This is how you recognize ultra-processed (and therefore unhealthy) foods.

Ultra-processed foods, or products that have had a lot of unhealthy junk food added to them, aren't exactly good for our health. But how do you recognize these “killers”? How do you avoid them as much as possible?

All kinds of additives and substances are added to ultra-processed products, for example, to make the food tastier or have a longer shelf life. Consequently, the nutritional value and natural state of such a product deteriorates.

Ultra-processed foods are not healthy for our bodies

These products have now been linked to various lifestyle diseases.
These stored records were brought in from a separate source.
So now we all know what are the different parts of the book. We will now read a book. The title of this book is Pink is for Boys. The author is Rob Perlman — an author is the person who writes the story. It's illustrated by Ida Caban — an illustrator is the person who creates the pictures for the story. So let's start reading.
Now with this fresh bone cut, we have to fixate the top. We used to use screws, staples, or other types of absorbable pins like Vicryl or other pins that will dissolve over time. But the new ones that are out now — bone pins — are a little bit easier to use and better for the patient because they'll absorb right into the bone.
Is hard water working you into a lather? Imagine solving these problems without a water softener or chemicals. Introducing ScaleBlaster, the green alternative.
Such as cardiovascular disease, diabetes, and obesity. Because we want to work easily, quickly, or cheaply, we resort to these types of messages. While our body simply needs unprocessed foods such as fruits, vegetables, eggs, seeds, nuts, fish or meat. also Valuable inspection service-Tion De Kyokin's face All Netherlands Packet-Jury member Janie van der Heyden has already warned of the dangers of over-processing foods.
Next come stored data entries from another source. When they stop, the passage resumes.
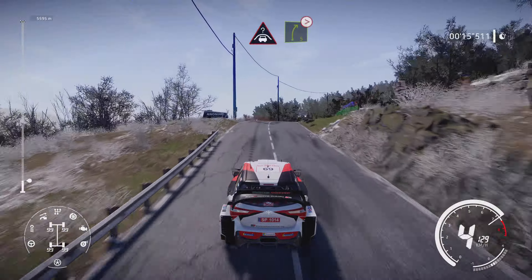And crest into right 5, tightens. Into left 5, 80. Caution, junction right into left 4, long, tightens.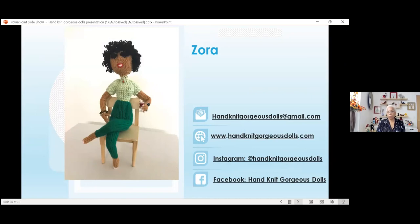This is how you can reach me — and up there, that's Zora, holding a glass of wine, because every lady needs a glass of wine in the evening. She's in her forever home too. My website is www.handitgorgeousdolls.com and my email address is handitgorgeousdolls@gmail.com. I'm also on Instagram and Facebook.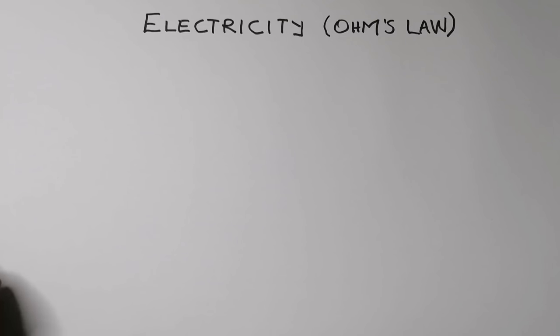Good day, good day everyone. We are back again with our next episode in physics and we're covering today electricity — that is Ohm's law.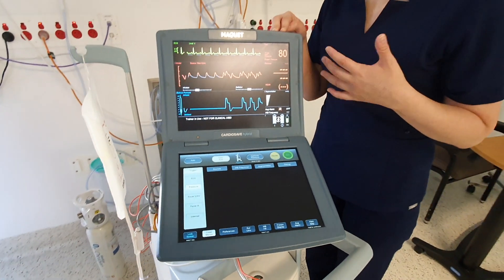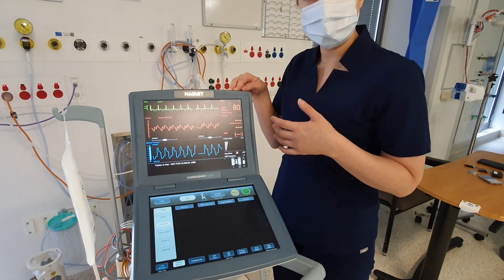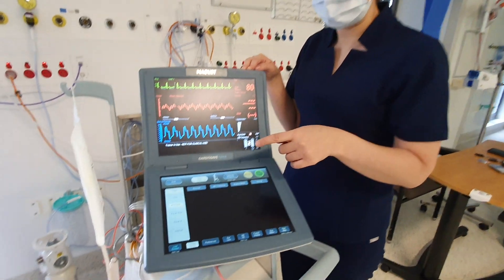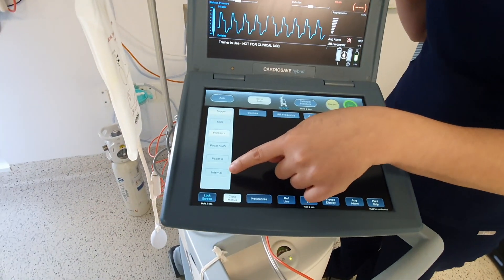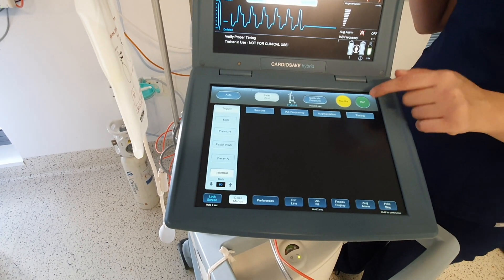If you're doing this for a CALS — a cardiothoracic advanced life support situation — and you have a balloon pump, once the chest is open you can switch to internal trigger. That is just down the bottom here; select internal and remember to hit start.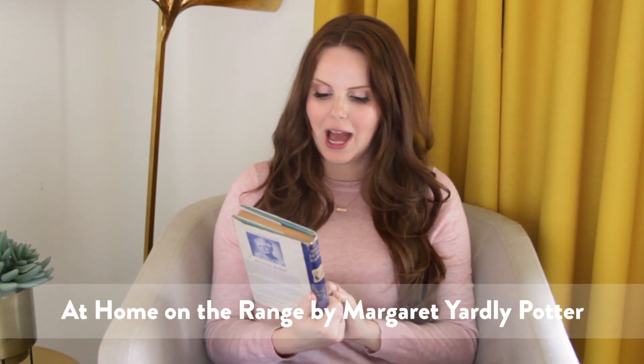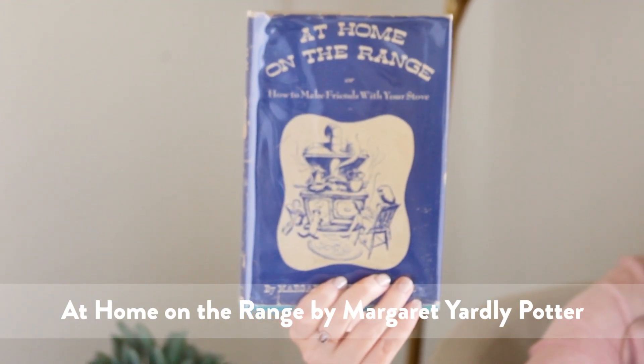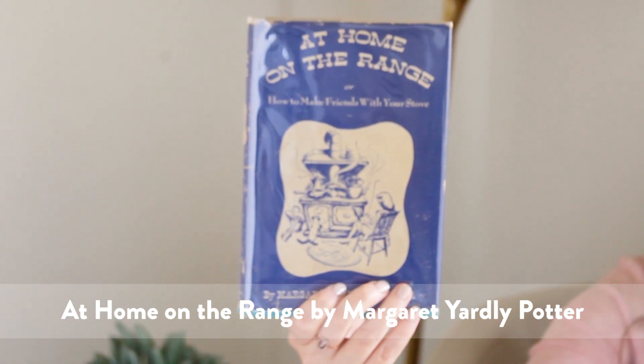Hey guys, Claire here, and today I'm going to share with you one of my new favorite old cookbooks. This one is called 'At Home on the Range, or How to Make Friends with Your Stove.' There's a really cute illustration of a lady reading a newspaper in front of an old-fashioned stove with her little cat. This actually got reprinted recently, so I think you should be able to find it very easily.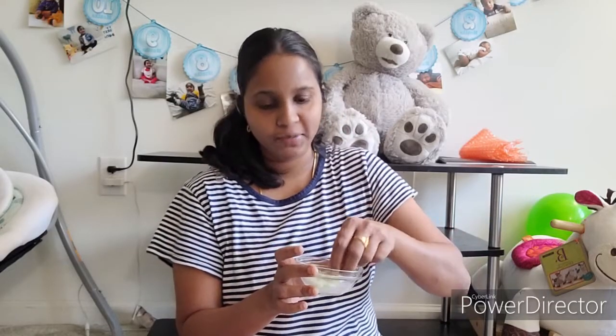Put the cleansing mixture on a cotton pad and use it to clean your face. This will remove all the dust and dirt from your face.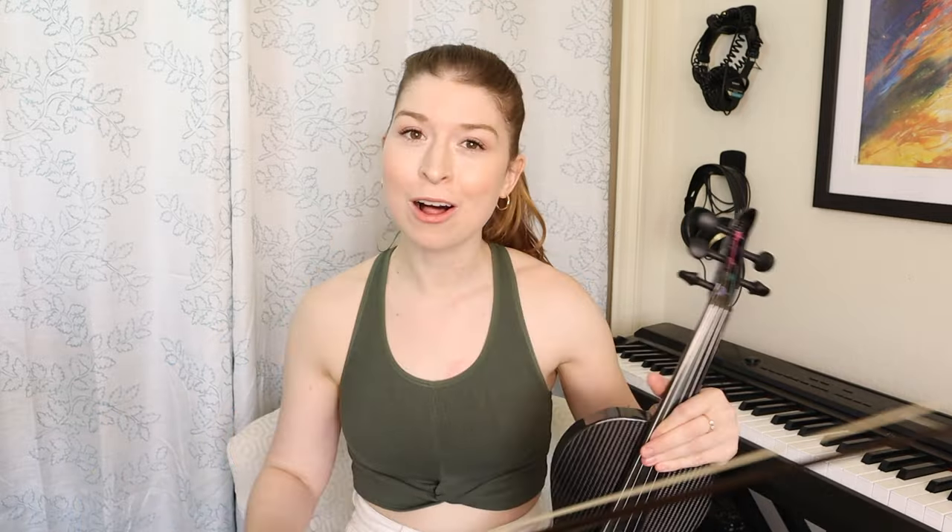That's too many strings for me! Overall, acoustically, these instruments are by far exceeding my expectations — there's quite a lot of resonance to them. Now the only thing left to do is plug them into an amp and see how they sound.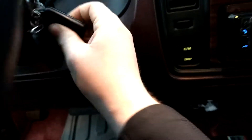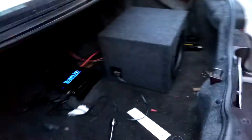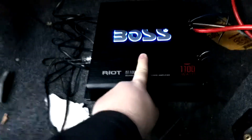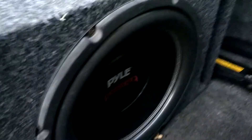Just open the trunk here. I haven't screwed it down yet, but it's just a cheap Boss 1200 watt amplifier. And a ported 12 inch subwoofer. And those are the lights.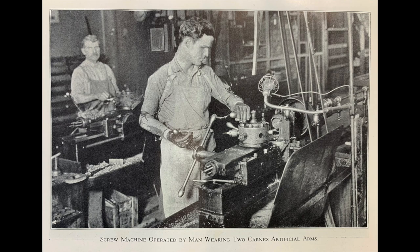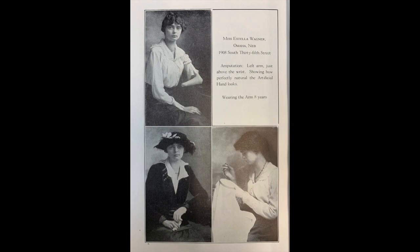Karnes salesmen, no doubt working to commission, would scour the newspapers for small articles about people who'd had accidents, possibly with amputations. They would then receive a letter telling them the benefits of the Karnes arm and the special payment plans that might enable them to afford it. Durable enough for the labourer, the arm was also delicate and precise enough for sewing and writing.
Nutritionist Caroline Passerello explains vs Fortune Okay They encourage people to read labels. Our body needs nutrients, vitamins or minerals. If you eat processed and (too) unhealthy foods too often, you could develop deficiencies and experience unnecessary weight gain. “The way our bodies respond to calories and nutrients varies depending on our age, activity level, and overall dietary patterns,” says the nutritionist.

Unhealthy materials added

Ultra-processed foods often contain high amounts of added sugars, fats and/or salt, low amounts of dietary fiber and more artificial ingredients. Regardless of whether it comes from food or is manufactured in laboratories.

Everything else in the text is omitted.